The Gleaner | 19 April 2018

Lee-Chin seeks US$300m in arbitration fight over Dom Rep investment

Michael Lee-Chin, an investor with significant regional holdings, served the government of the Dominican Republic with a notice of arbitration on April 6 surrounding the state takeover of a recycling facility and waste-to-energy plant in which he invested in 2013.

In the notice of arbitration prepared by Miami law firm Hogan Lovells US LLP, Lee-Chin is seeking compensation under international trade law.

"We are claiming damages of over US$300 million," he told the Financial Gleaner on Thursday, while insisting that the ’expropriated’ landfill in Santo Domingo was in breach of a trade agreement protecting investors, signed by both Jamaica and Dom Rep.

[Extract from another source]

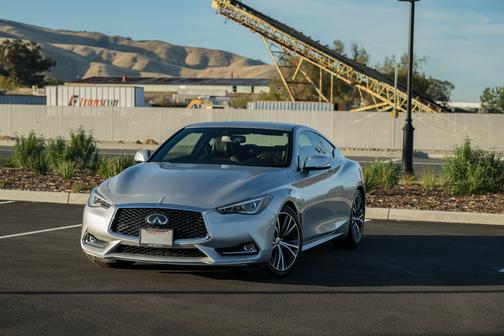 2019 INFINITI Q60 3.0t LUXE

"In Jamaica, we are gracious in accepting foreign investors, but the same reception is not always given to us when we invest abroad," said the Jamaican-Canadian investor.

He expects the case to be heard outside of Dom Rep, but has not said what the likely venue would be.

The Financial Gleaner reached out to Dominican Republic Ambassador to Jamaica Jose Tomas Ares for comment, but none was forthcoming up to press time.

Lee-Chin is the majority shareholder and ultimate beneficiary of Lajun, a Dominican entity focused on the collection, removal, and handling of urban and industrial waste products.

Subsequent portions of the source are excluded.